We want to have higher probability for selecting triangles with bigger surface areas. I came up with this idea after thinking:
I sorted all triangles of the mesh in an array with ascending order and generated a random float number (between 0.0 and 1.0) for indexing the array. I round and transform it into integer for indexing. But this random number has equal probability for all indices of the array. I thought that maybe if I take the square root of this random number (since it is less than 1.0) I will more likely to get higher indices and I tried it separately and saw that working.
And then, just as we saw in class, I uniformly sampled a point inside the selected triangle. I generated two random variables (between 0.0 and 1.0) and again for ensuring uniformity, I needed to take square root of one of my random variables.
After sampling, we need to divide the result to the probability of selecting that sample. It is normally;
(distance*distance) / (totalArea * costheta)Theta is the angle between our sampled direction and the surface normal of that triangle we have sampled.
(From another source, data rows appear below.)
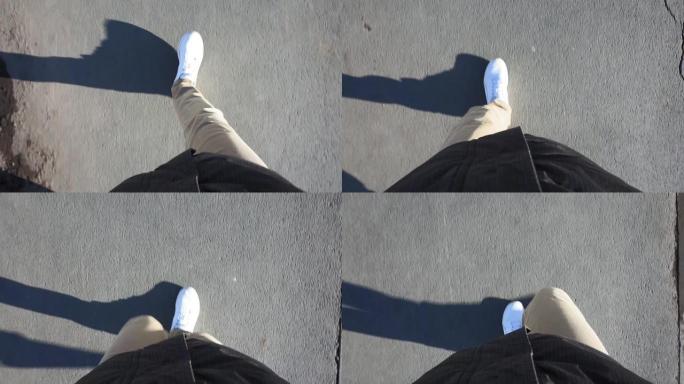 在阳光明媚的日子里，穿着白色运动鞋的男人穿着牛仔裤走在人行道上。视点视频，第一人称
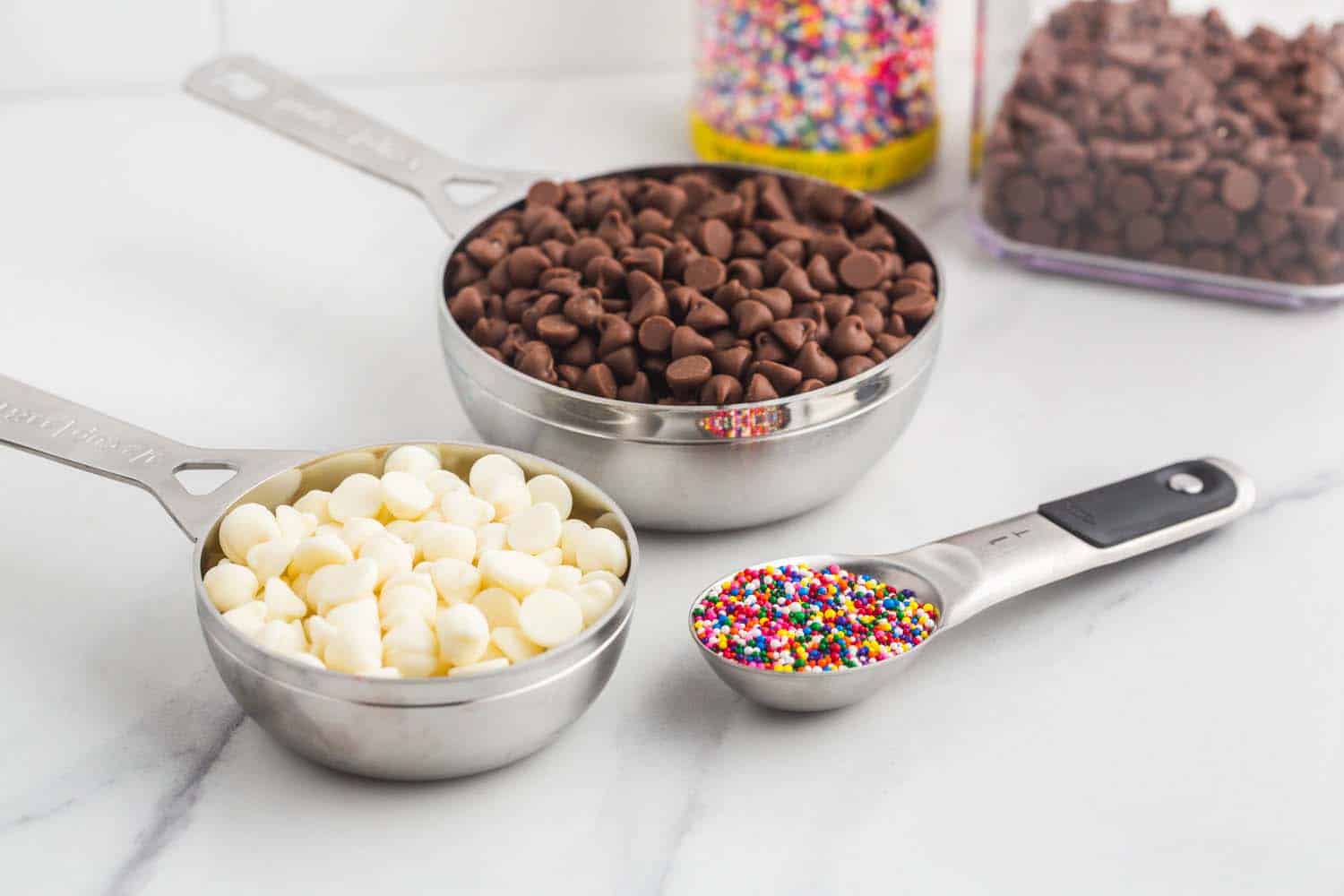 chocolate chips and sprinkles measured out in measuring cups and spoons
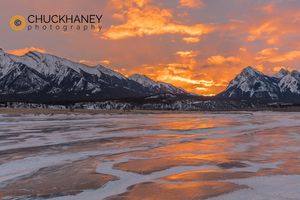 Brilliant sunrise reflects on winter ice of Abraham Lake near Nordegg, Alberta, Canada Abraham-Lk-Sunrise_002-445.jpg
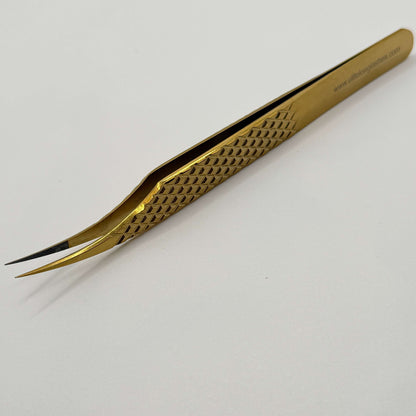 Gold tweezers on a white background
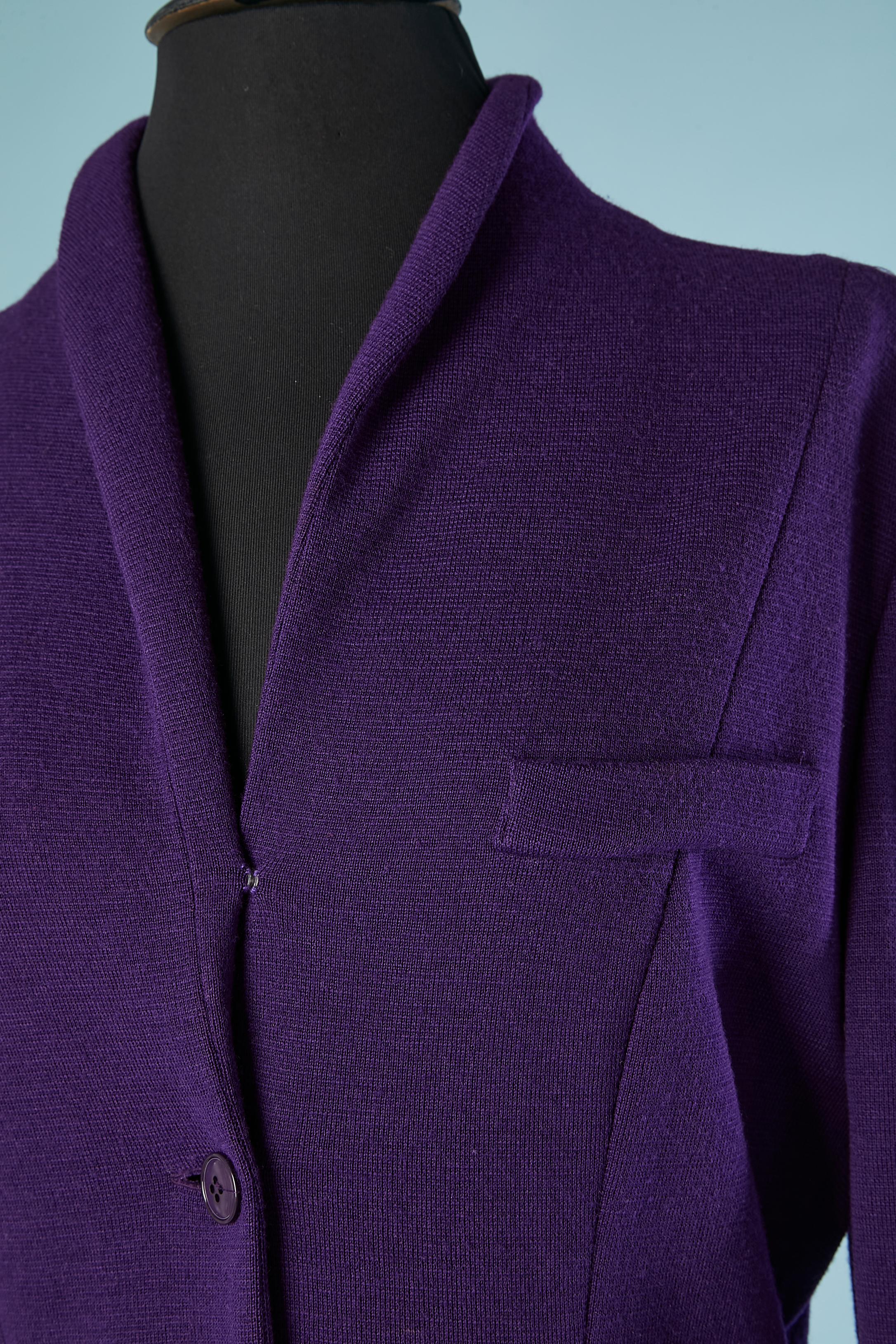 Purple wool jersey dress. Button and buttonhole in the middle front + one plastic snap on the middle top ( above the top button) 
2 pockets on the side of the hips + one 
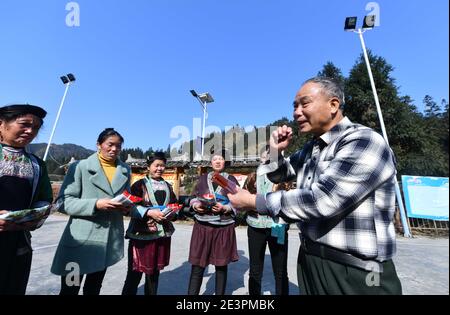 (210120) -- RONGSHUI, Jan. 20, 2021 (Xinhua) -- Lan Shengkui (1st R) introduces noodles made with red sorghum flour to villagers at Wuying Village, which lies on the border between south China's Guangxi Zhuang Autonomous Region and southwest China's Guizhou Province, Jan. 19, 2021. Wuying Village suffers from harsh environment and low agricultural yields, making it one of the most impoverished counties in Guangxi. In the summer of 2020, Lan Shengkui, a retired agricultural expert in variety improvement from Liuzhou Agricultural Science Institute, has come up with red sorghum, a crop that has Stock Photo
Lastly, this light object may have transformations, so we also need to apply the transformation matrices accordingly.
Light Sphere
For getting a point on the sphere, we need to do inversion sampling. We first generate an orthonormal basis around the w direction (center_sphere – point) and then find theta and phi angles for generating a direction. We also need to know the theta_max which is;
std::asin(radius / (distanceBetween center and point)Before doing any of these, we first need to transform our point into the local coordinates of the sphere. After we finish sampling, we need to transform it back to world coordinates.
Direct Lighthing
This is the first part of the homework. Here, I tried implementing object lights with direct lighting. I was constantly getting wrong results like these;
I was getting these errors because of some mistakes in sampling. They were silly mistakes. I corrected them after I figured out the problems.
Here are my results;
I don’t know why I get the picture above. I tried a lot of things and still it is slightly different.
This is the direct light part. After this, I leaned on implementing path tracing.
Path Tracing
In this part, we needed to make some additions to our cameras for rendering parameters. We have three parameters for path tracing;
- Importance Sampling ( or cosine sampling)
- Next Event Estimation
- Russian Roulette
Normally without importance sampling we uniformly sample directions around the surface normal for calculating the next bounce of the ray. But with importance sampling, directions more similar to the surface normal are more likely to be used.
With next event estimation, we also use illumination of light sources in each iteration. However, if our ray intersects with a light source, we discard that ray.
And finally, russian roulette is for determining when to terminate a ray. For doing that, I used the 1 – throughput approach. After many bounces, a ray is more likely to be terminated. But ofcourse, there is no termination while bounce number is smaller than max_recursion_depth.
And here are my results for pathTracing.
Diffuse scenes:
Glass Scenes:
Conclusion
It has been a great semester for me. I have learnt a lot in this class. Actually, it is the first time that I’m building this kind of a project. I’ve also read blogs of classmates and learnt a lot from them.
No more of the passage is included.